Phone Call Made To Wife, Mother
Passengers on one of the planes terrorists crashed into the
World Trade Center on September 11, 2001, planned to resist the
hijackers, according to the widow of one of the passengers who was
interviewed by CNN. About three-and-a-half minutes before the
doomed United Airlines Flight 175 struck the trade center's south
tower, Brian David Sweeney, a 38-year-old former U.S. Navy pilot
from Barnstable, Mass., made two phone calls. Sweeney left a
message for his wife, Julie, on his home answering machine, then he
called his mom.
"We assume he was calling from the back of the plane, because he
said, 'They might come back here. I might have to go. We are going
to try to do something about this,' " Julie recalled.
The calls came to light in a January statement from the
independent commission investigating the attacks. Louise Sweeney
confirmed that her son called, but said the details were too
personal for her to discuss. Julie Sweeney, who has since
remarried, was willing to describe the call Brian Sweeney made to
his mom.
"Whether he was doing something or whether they [the hijackers]
were coming back, I don't know that," she said. "It was more
speculative than fact as far as why he hung up the phone quickly --
whether it's because they were charging the cockpit or whether they
were coming back to where he was and he didn't want to be seen on a
phone.
She said he then told his mother he loved her and hung up the
phone. His mother switched on her television to see live pictures
of her son's plane crashing, Julie Sweeney said.
"Do I believe Brian went down swinging?" she said. "Absolutely.
Do I believe it was too late? Absolutely. Regardless of 'what if,
what if, what if,' it won't change the outcome."
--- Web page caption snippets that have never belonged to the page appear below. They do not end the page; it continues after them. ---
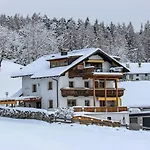 Appartement Renauer By Interhome Mösern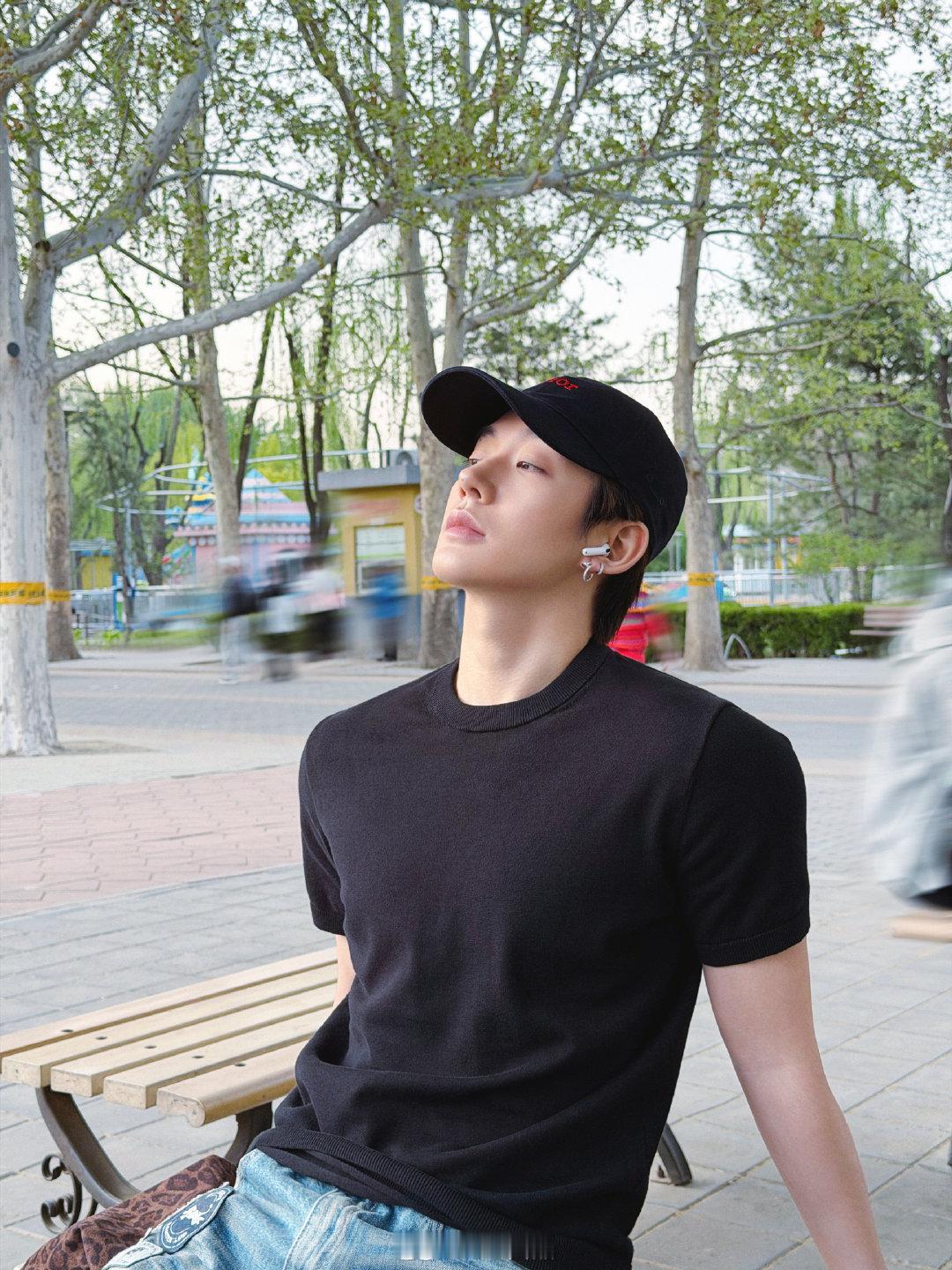 邓为最新营业，松弛感拉满每张都散发着随性又高级的氛围感，既有少年的清爽感，又带着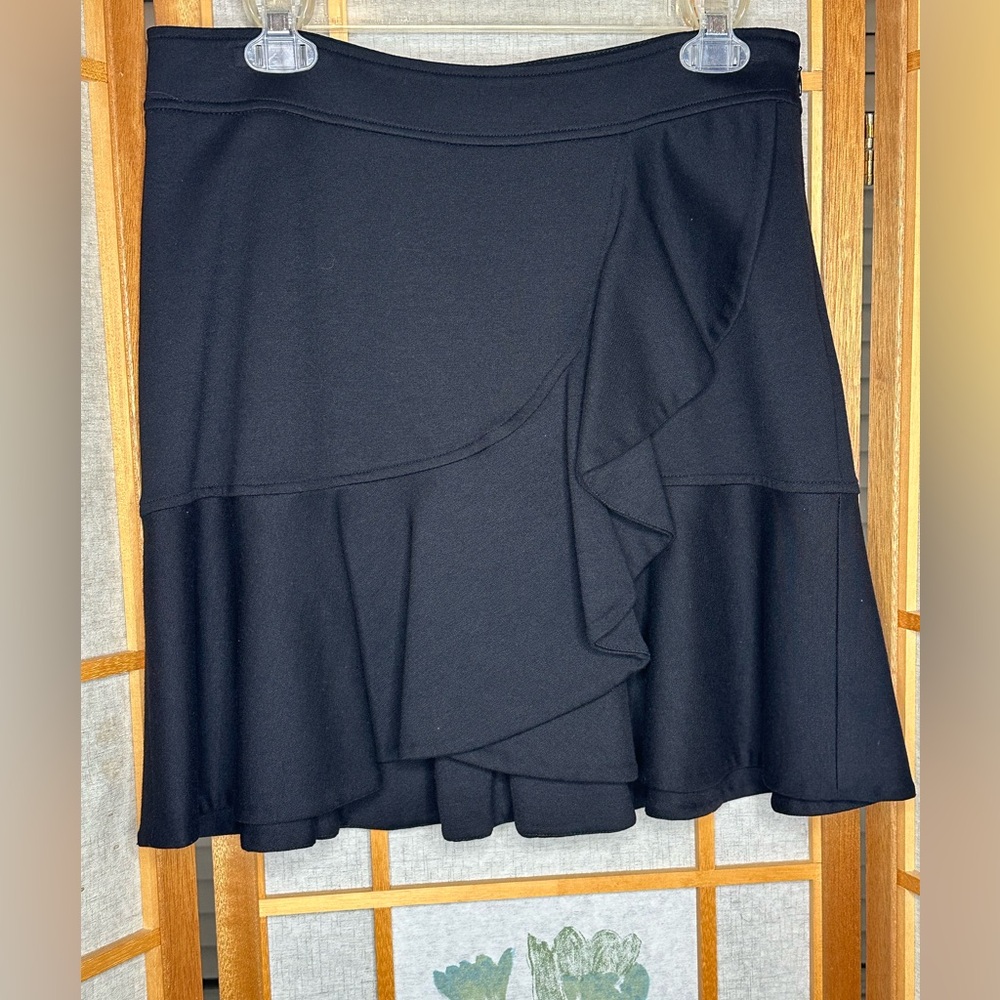 White House Black Market Above The Knee Black Flirty Flounce Skirt Size 6.
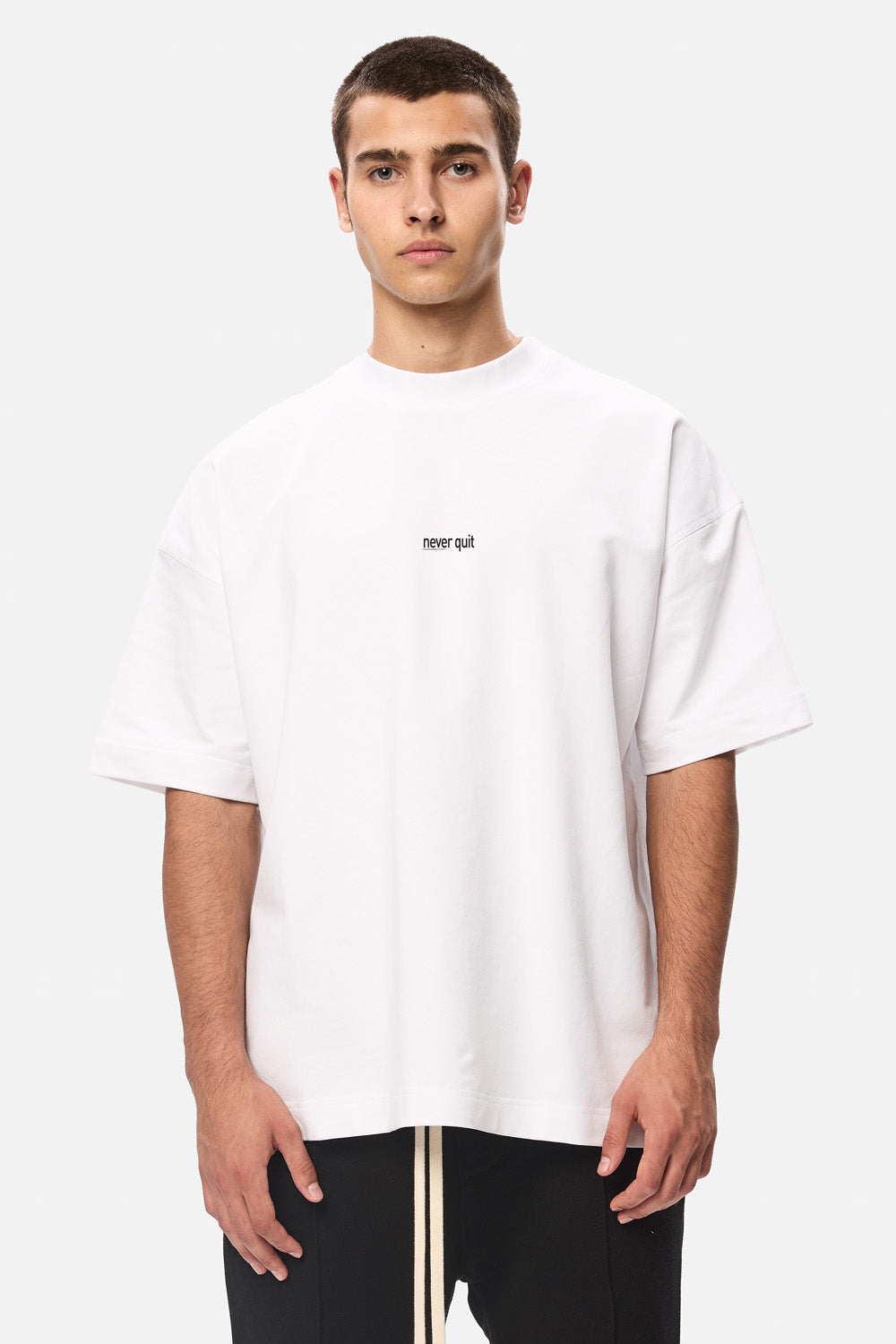 Tricou negru cu imprimeu Alpha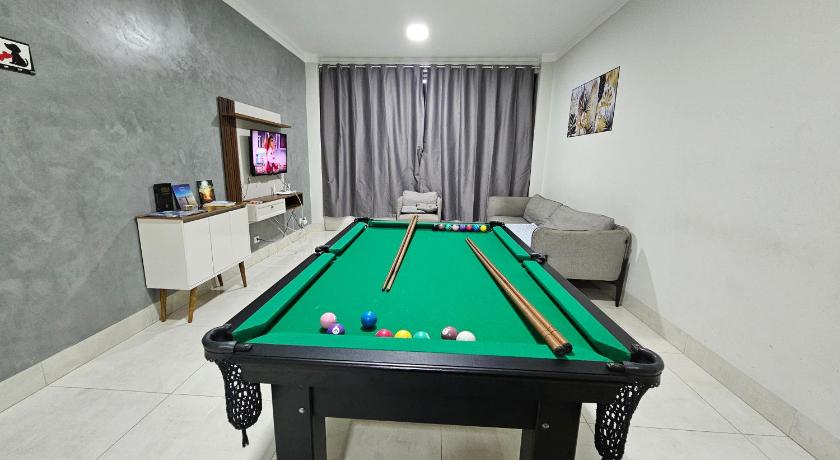 Casa espaçosa, mesa de sinuca e piscina aquecida!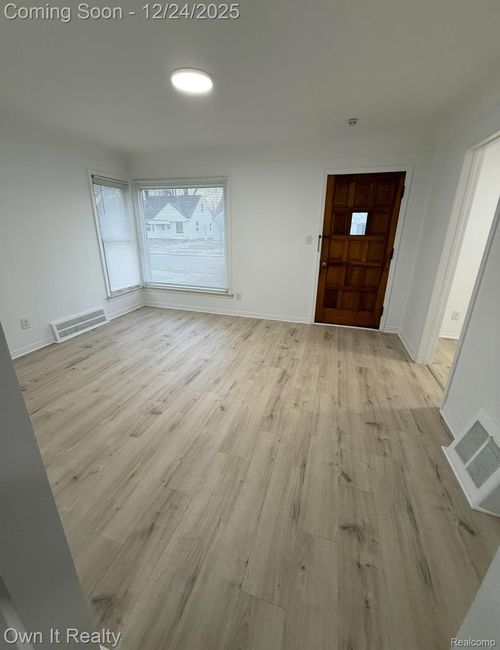 24910 Hickory St, Dearborn, MI, 48124-2459 | Card Image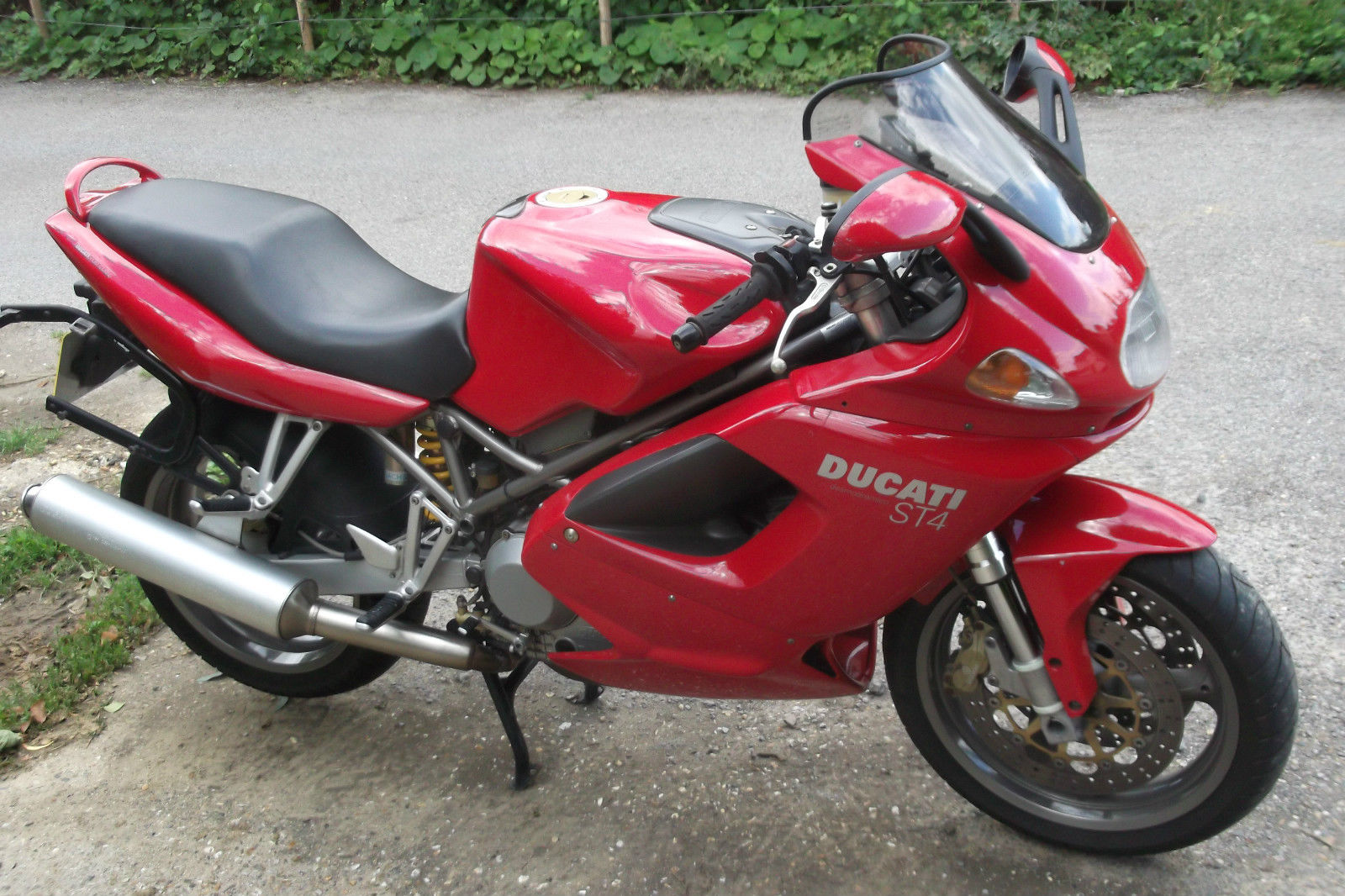 ducati st4.JPG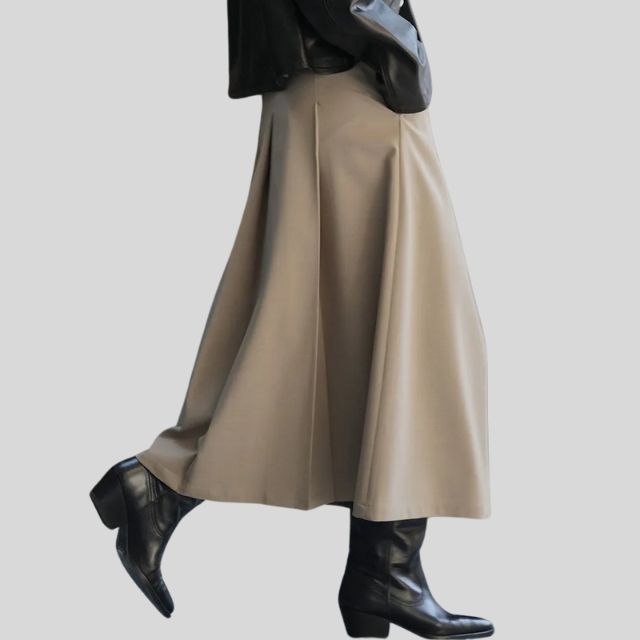 High-waisted skirt with A-line pleats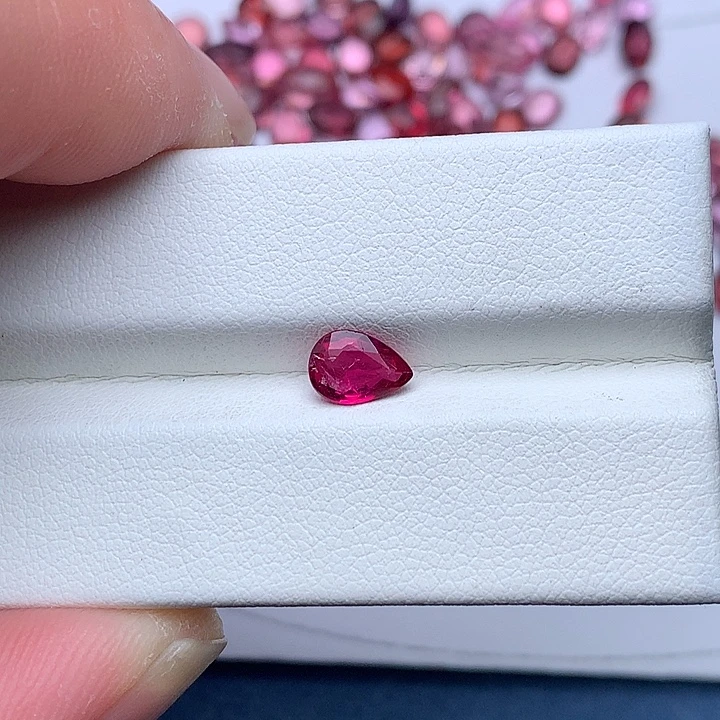 碧玺未镶嵌珠宝半成品0.60克拉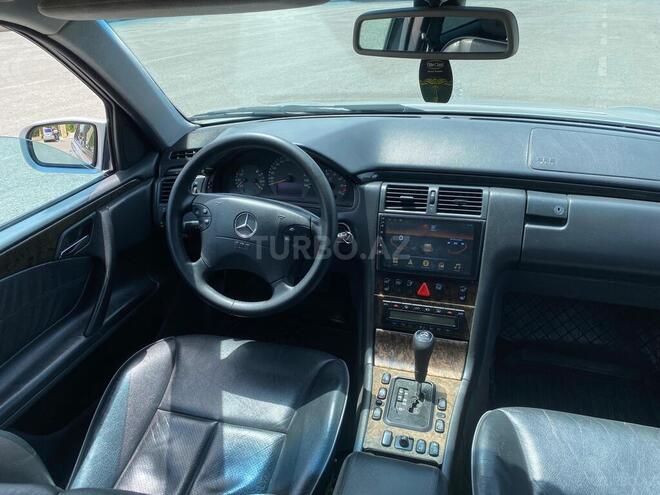 Mercedes E 280 2000, 428,183 km - 2.8 l - Bərdə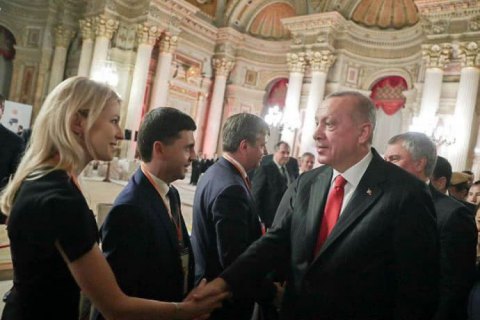 У МЗС України зустріч Ердогана з кримськими "депутатами" визнали "випадковою"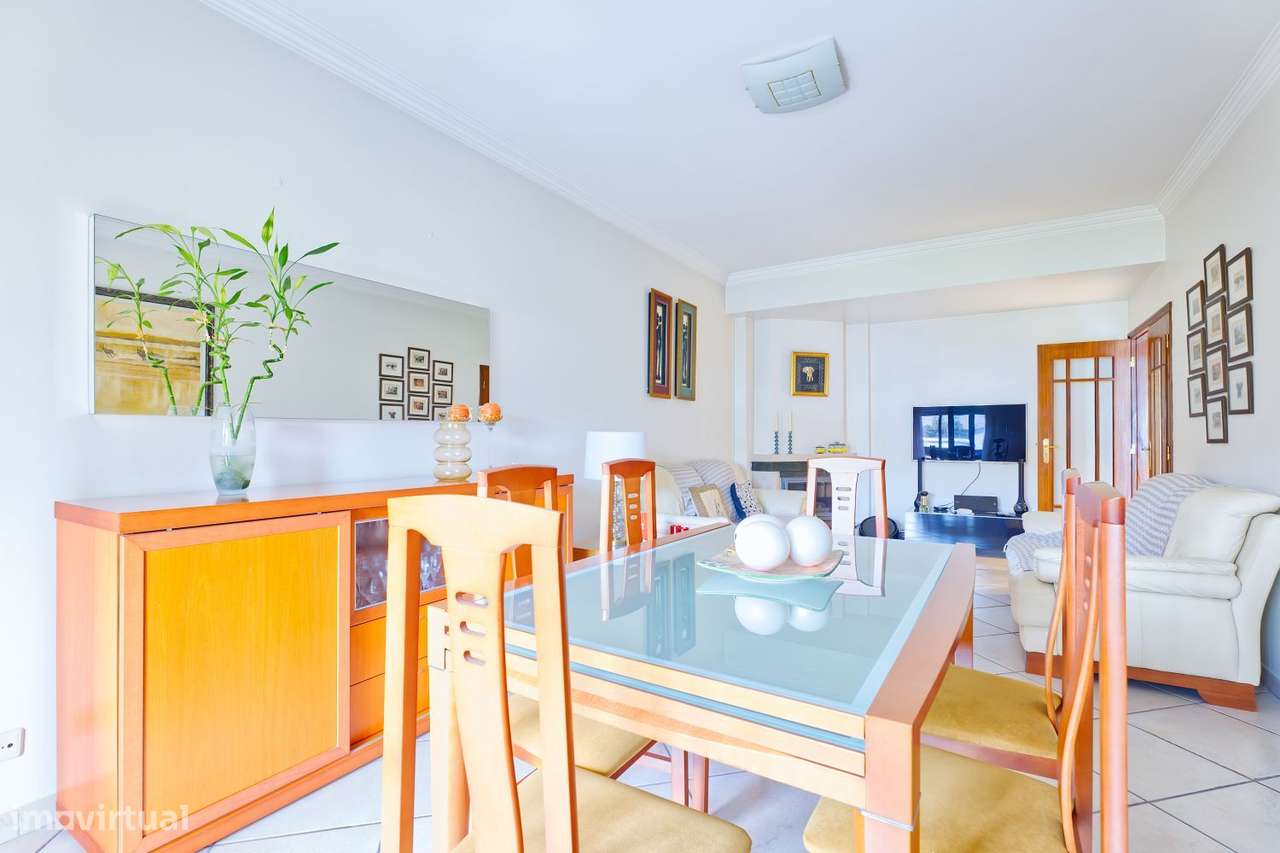 Apartamento T3 com excelentes áreas e uma vista deslumbrante...-6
The message Brian Sweeney left his wife on their answering
machine was a farewell, she said. "If things don't go well, and
it's not looking good, I want you to know I absolutely love you,"
Julie Sweeney recalled him saying.
Julie Sweeney said she thinks the main reason Brian made the
calls was to "let us know where he was, what was happening, and to
give us his final love and wishes for our lives, because he knew he
was on a doomed flight," she said
The Sweeneys described the two phone calls to FBI agents who
visited them the day of the attacks on the World Trade Center and
the Pentagon.
Brian Sweeney's flight, from Boston, Massachusetts, to Los
Angeles, California, crashed about 15 minutes after hijackers
crashed American Airlines Flight 11, with 87 passengers and crew,
into the trade center's north tower. Sweeney, who flew an F-14 in
the Persian Gulf War and was a U.S. Navy flight instructor for the
Navy in Miramar, California, was working for a Defense Department
contractor, Brandes Associates.
United Airlines Flight 93, which crashed into the ground in
rural Pennsylvania, was believed to be the only September 11 flight
in which passengers were able to battle the hijackers. Informed of
the earlier crashes, several passengers aboard rose to the rallying
cry "Let's Roll," the final known words uttered by Todd Beamer, and
tried to overtake the hijackers. The plane, which was headed to the
nation's capital, most likely aiming for the White House or U.S.
Capitol, crashed in an empty coal field in Shanksville.
The independent commission investigating the September 11
attacks disclosed in a January staff statement that Sweeney was one
of three people aboard Flight 175 who made phone calls. Fellow
passenger Peter Burton Hanson and flight attendant Robert Fangman
were the others.
"Reports from Flight 175 included one passenger predicting the
hijackers intended to fly an aircraft into a building," the
commission staff statement said. "Another said the passengers were
considering storming the cockpit." The statement did not indicate
who made the calls. There is no mention of such calls in Congress'
report of its investigation into the attacks.
Telephone calls from two flight attendants from Flight 11 and
one passenger and one flight attendant from American Airlines
Flight 77, which crashed into the Pentagon, have also been reported
to investigators, according to the commission.